DOJ Floats A Truly Stupid Idea To Salvage The Sprint, T-Mobile Merger

from the ill-communication dept

While the Pai FCC is chomping at the bit to approve T-Mobile and Sprint’s competition and job killing megaunion, rumors are that DOJ staffers remain highly skeptical about the purported benefits of the deal. The sticking point remains the same: that the merger would reduce overall competition in the space by 25%, a move that historically almost always results in higher consumer prices, and less effort and innovation overall. Unions and Wall Street analysts also believe the deal will eliminate anywhere between 10,000 and 30,000 jobs as redundant positions are inevitably eliminated, something T-Mobile continues to deny.
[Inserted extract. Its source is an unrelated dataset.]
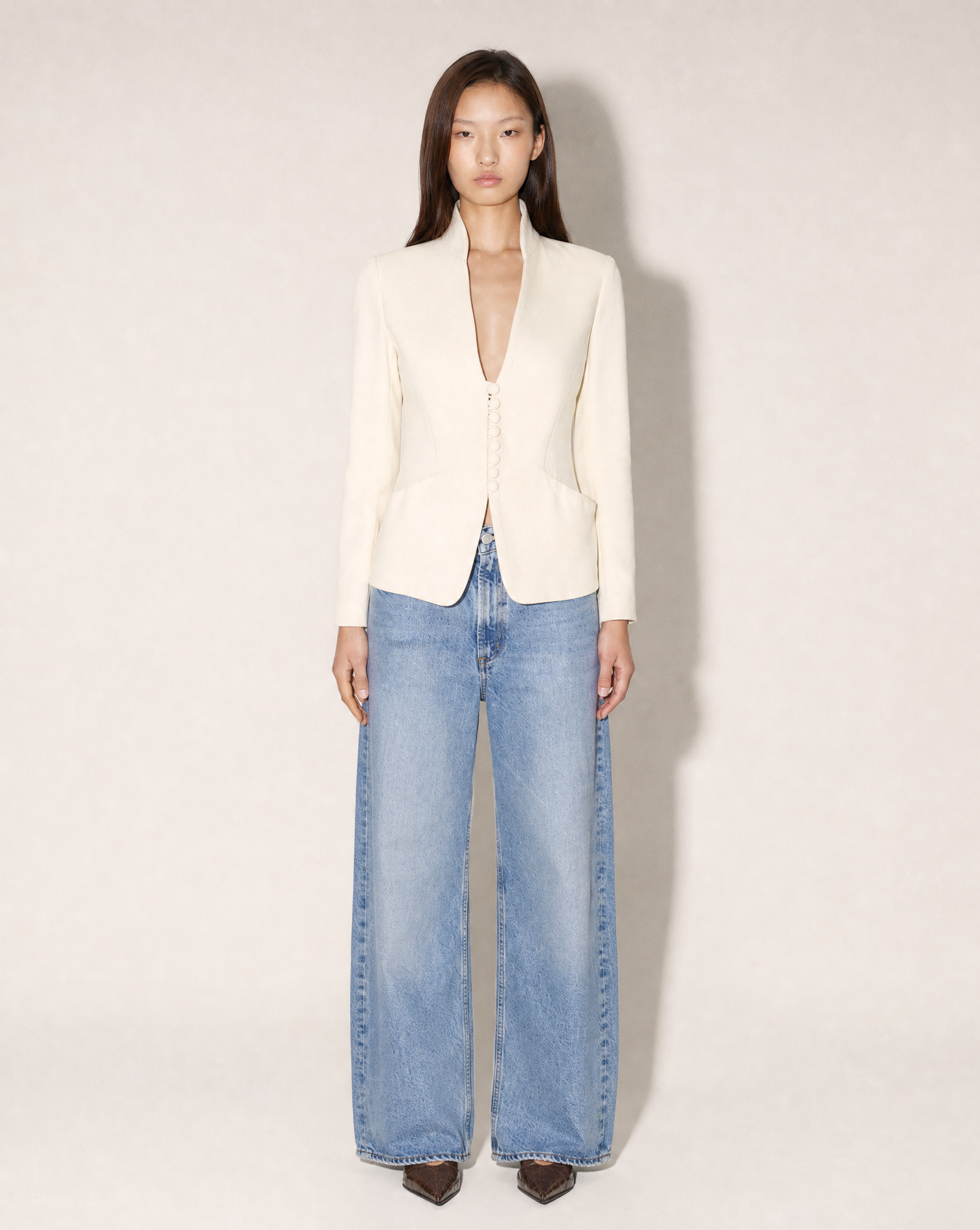 Vintage Giorgio Armani ivory stand-collar tailored blazer with fabric-covered buttons, available for purchase and luxury rental across Europe from Mezzanotte.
While Sprint and T-Mobile lobbyists continue to apply as much pressure as they can in a bid for regulatory approval, there’s every indication the DOJ remains highly resistant to their charms. For example, Bloomberg reports that one proposed condition being pushed by the DOJ is the mandatory creation of an entirely new fourth competitor in the wake of the deal. In short, T-mobile and Sprint would be forced to divest spectrum and other assets to create a fourth competitor to keep the market semi-healthy:

“Top Justice Department officials want T-Mobile US Inc. and Sprint Corp. to lay the groundwork for a new wireless carrier — with its own network — as a condition to clearing their $26.5 billion merger, according to a person familiar with matter.

The two companies have been pondering additional concessions that could help win Justice Department approval for their deal, said people with knowledge of the discussions, who asked not to be identified because the talks are private. But the idea of spinning off a full-fledged national competitor would be a high bar for T-Mobile and Sprint to meet.

And while that might sound good to some folks as a way to mitigate overall competitive harm, the problem would be one of enforcement.

When they can be bothered to impose beneficial conditions on telecom mergers at all, US regulators have a long, proud history of not really bothering to enforce them. Comcast, for example, not only volunteered most of the conditions affixed to the company’s 2011 mega union with NBC, it repeatedly failed to adhere to most of them with little to no penalty. And Spectrum was recently found to have largely lied to regulators about meeting broadband deployment promises affixed to its megaunion with Time Warner Cable. In telecom it’s a problem that goes back decades, with companies like AT&T also routinely being allowed to tap dance around numerous conditions affixed to its acquisition of BellSouth and countless other companies.

Having regulators enforce merger conditions on a good day is usually an uphill climb. Expecting them to steer the creation and protection of an entirely new company for decades isn’t something government’s likely to excel at. And given his FCC has yet to stand up to the industry on a single issue of substance, anybody expecting Ajit Pai to be a functional beat cop here hasn’t been paying much attention.

It’s unlikely Sprint and T-Mobile are particularly keen on such a proposal, given it hamstrings what is, to them, the two biggest benefits of the deal: less overall competition, and a massive trove of wireless spectrum. But even if they did sign off on such a plan, it’s hard to see how just blocking the deal outright to protect the four competitors we already have isn’t a much cleaner and simpler solution.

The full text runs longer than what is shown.